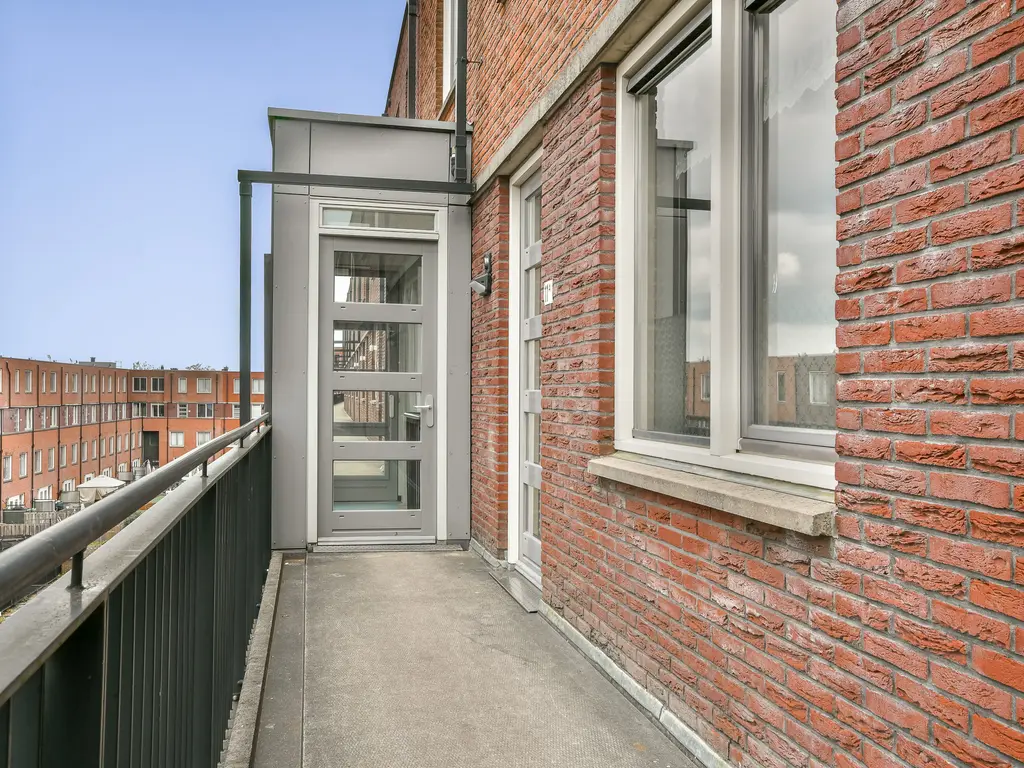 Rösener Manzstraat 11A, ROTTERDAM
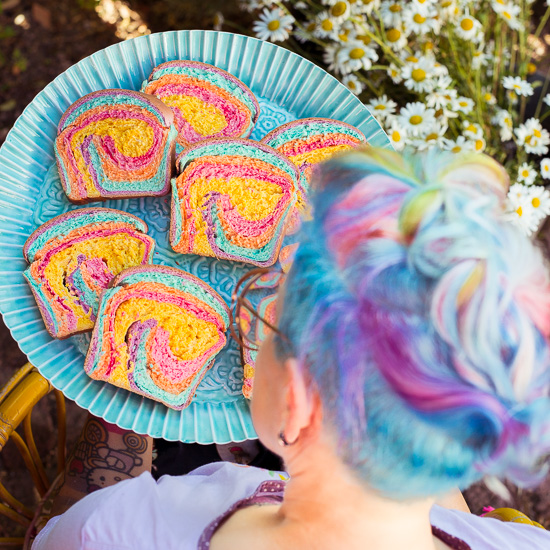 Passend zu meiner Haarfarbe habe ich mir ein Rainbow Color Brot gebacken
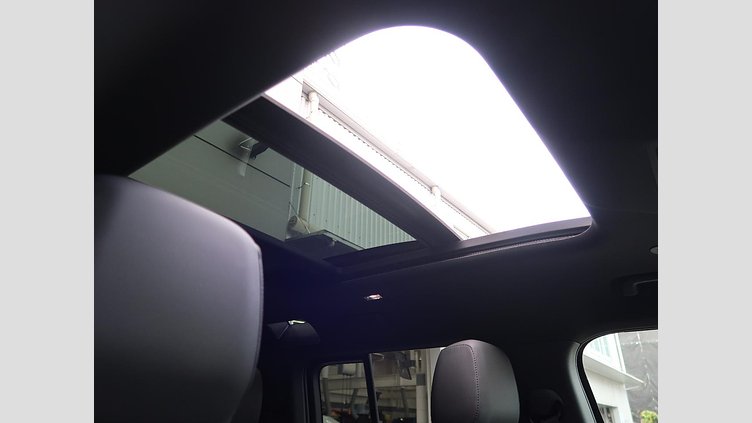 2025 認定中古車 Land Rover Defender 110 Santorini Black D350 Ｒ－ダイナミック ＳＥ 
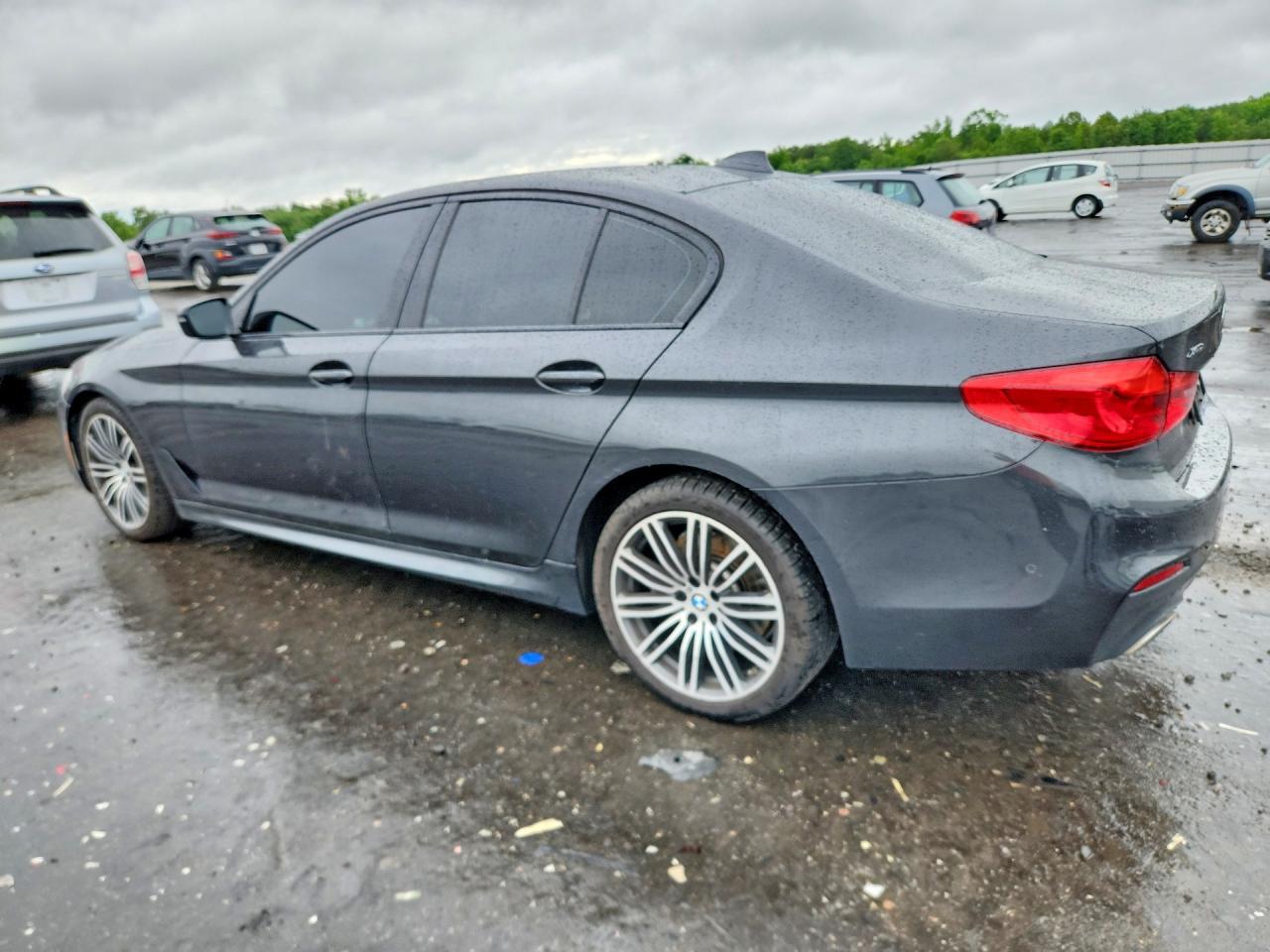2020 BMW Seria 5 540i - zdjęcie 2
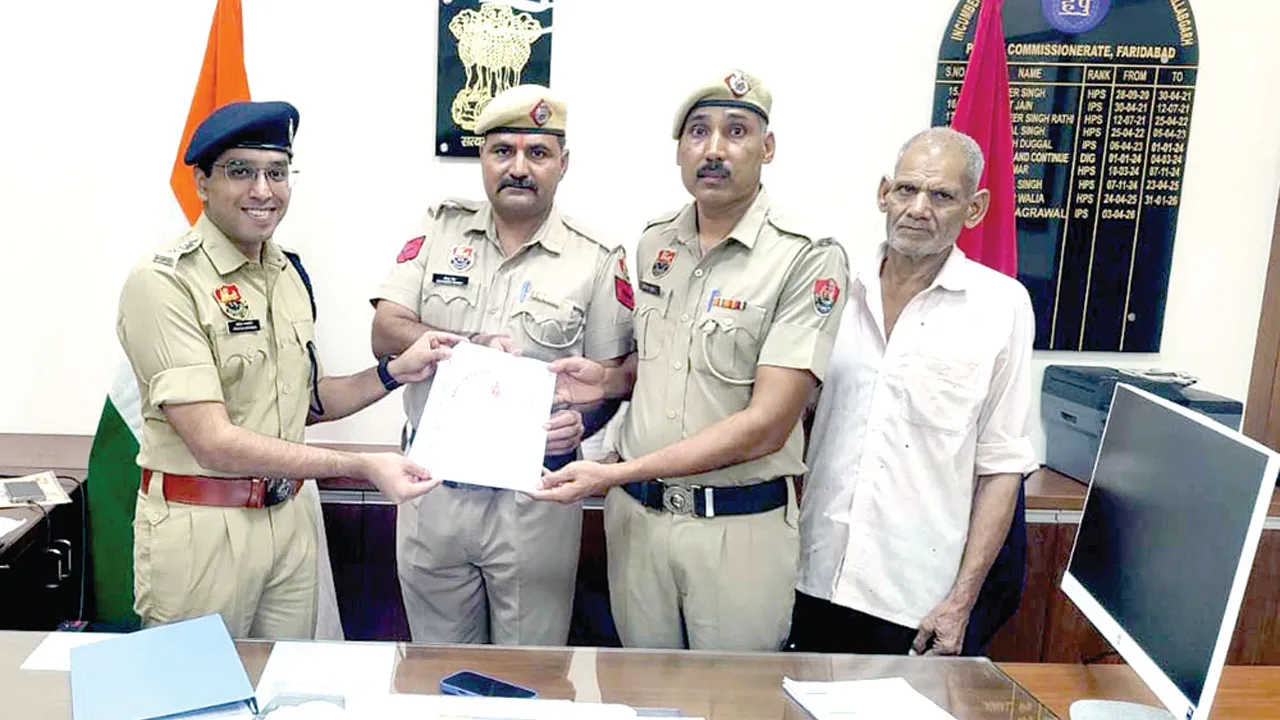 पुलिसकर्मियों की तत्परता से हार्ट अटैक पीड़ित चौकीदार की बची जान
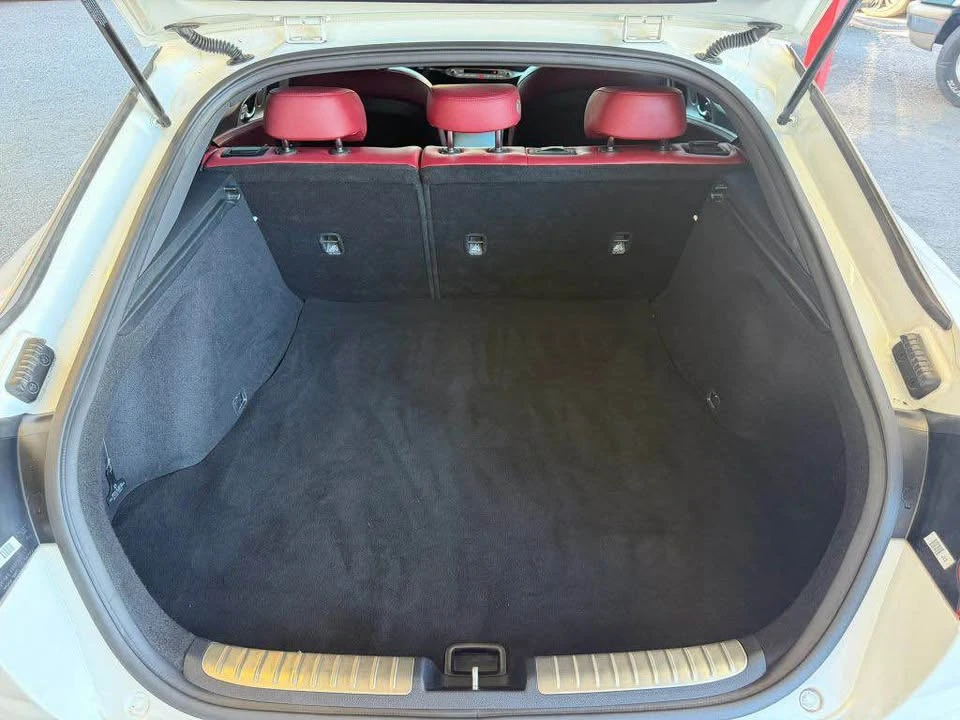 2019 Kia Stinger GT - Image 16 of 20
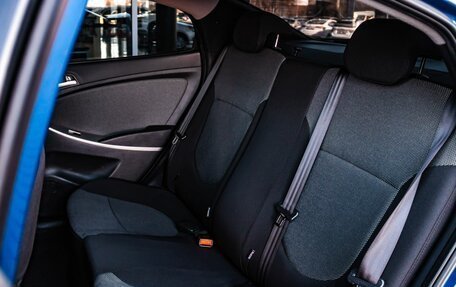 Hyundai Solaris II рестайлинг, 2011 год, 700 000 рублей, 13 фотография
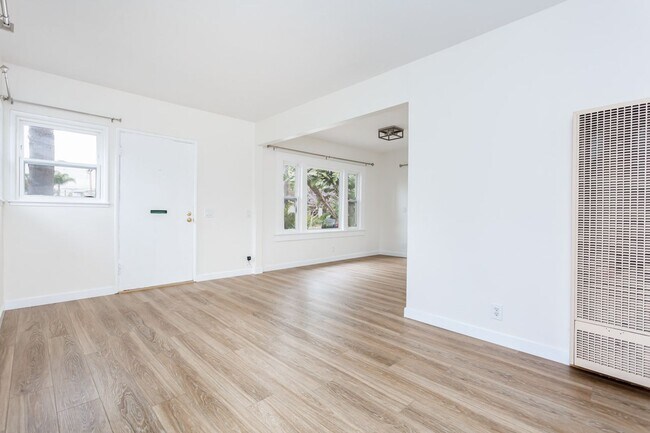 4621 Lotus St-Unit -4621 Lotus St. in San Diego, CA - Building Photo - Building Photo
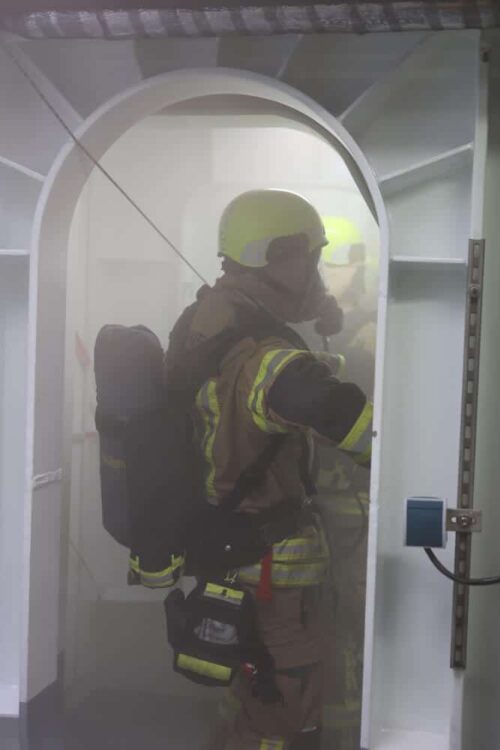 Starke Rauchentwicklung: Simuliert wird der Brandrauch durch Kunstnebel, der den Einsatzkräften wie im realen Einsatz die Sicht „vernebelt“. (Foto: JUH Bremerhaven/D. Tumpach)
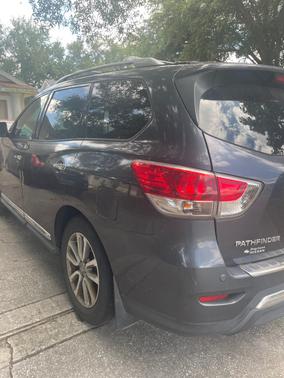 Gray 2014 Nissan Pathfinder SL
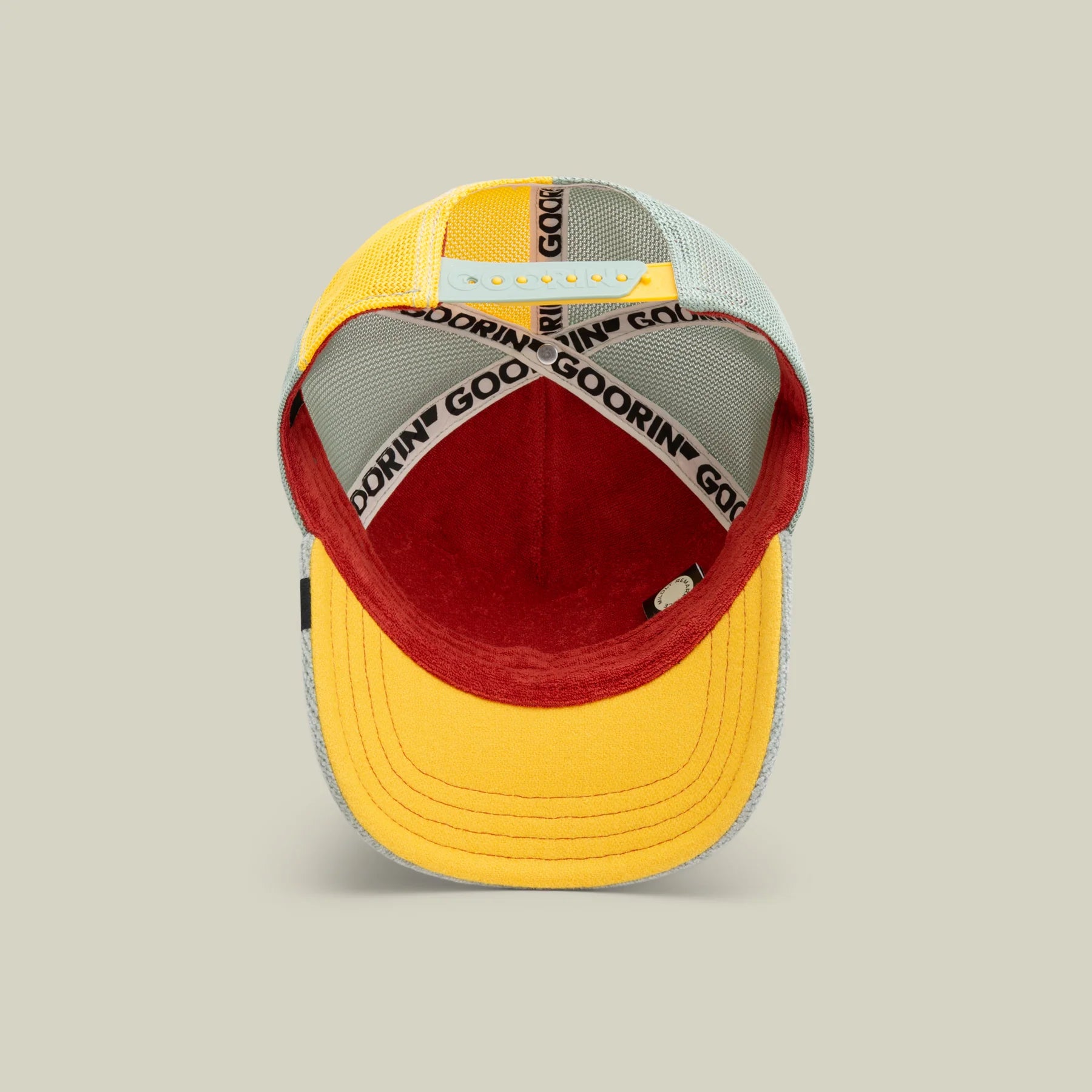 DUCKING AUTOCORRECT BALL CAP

************

Only the lines from the line with "Passend zu meiner" through the closing line of the data, both included, should be set down, exactly as written and without pictures.

YOUR SOLUTION:
 Passend zu meiner Haarfarbe habe ich mir ein Rainbow Color Brot gebacken
 2025 認定中古車 Land Rover Defender 110 Santorini Black D350 Ｒ－ダイナミック ＳＥ 
2020 BMW Seria 5 540i - zdjęcie 2
 पुलिसकर्मियों की तत्परता से हार्ट अटैक पीड़ित चौकीदार की बची जान
 2019 Kia Stinger GT - Image 16 of 20
 Hyundai Solaris II рестайлинг, 2011 год, 700 000 рублей, 13 фотография
 4621 Lotus St-Unit -4621 Lotus St. in San Diego, CA - Building Photo - Building Photo
 Starke Rauchentwicklung: Simuliert wird der Brandrauch durch Kunstnebel, der den Einsatzkräften wie im realen Einsatz die Sicht „vernebelt“. (Foto: JUH Bremerhaven/D. Tumpach)
 Gray 2014 Nissan Pathfinder SL
 DUCKING AUTOCORRECT BALL CAP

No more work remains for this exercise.